Other Models of Learning: Semi-supervised Learning, Active Learning

Lectures

Lecture 1 Introduction to computational learning theory. Supervised Learning.

Lecture 2 Introduction to Online Learning.

Lecture 3 Online Learning of Disjunctions and Decision Lists.

Lecture 4 Winnow and Perceptron Algorithms.

Lecture 5 More on Winnow and Perceptron. Introduction to VC dimension.

Lecture 6 VC dimension and lower bound on online learning. Weighted Majority Algorithm.
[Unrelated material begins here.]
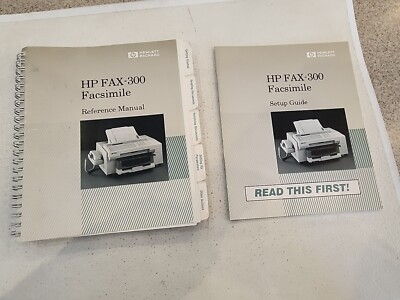 HP FAX-300 Facsimile Machine Reference Manual & Setup Guide - MANUALS ONLY 1991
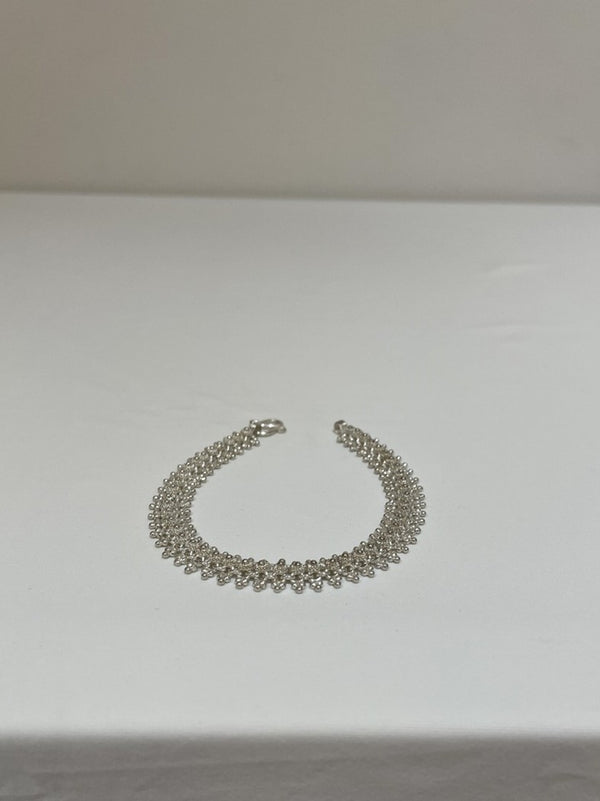 HILL TRIBE JEWELRY / FILIGREE BRACELET / SILVER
Lecture 7 Analysis of Weighted Majority, Randomized Weighted Majority and Analysis

Lecture 8 Introduction to PAC Learning.

Lecture 9 PAC Learning continued. Learning Intervals and Rectangles. Reduction from Online Learning to PAC Learning.

Lecture 10 Finding a Consistent Hypothesis and Occam’s Razor. Cardinality version of Occam’s Razor.

Lecture 11 Greedy Set Cover Heuristic. Using cardinality version of Occam’s razor to PAC learn sparse disjunctions with near-optimal sample complexity.

Lecture 12 Hypothesis Testing. Basic Concentration Inequalities. Proper vs Non-proper PAC Learning.

Lecture 13 Proper vs Non-proper Learning Continued. NP-hardness of properly learning 3-term DNFs. Efficient Algorithm for Non-proper Learning of 3-term DNFs.

Lecture 14 VC Dimension Characterizes Sample Complexity of PAC Learning. Proof of Sample Complexity Lower Bound.

Lecture 15 VC Dimension Characterizes Sample Complexity of PAC Learning. Sauer’s Lemma and Start of Sample Complexity Upper Bound Proof.

Lecture 16 VC Dimension Characterizes Sample Complexity of PAC Learning. Proof of Sauer’s Lemma and Upper Bound Proof Continued.

Lecture 17 Efficient Learning of Linear Threshold Functions. Introduction to Boosting. Schapire’s Three-State Booster.

Lecture 18 Schapire’s Three-State Booster Continued.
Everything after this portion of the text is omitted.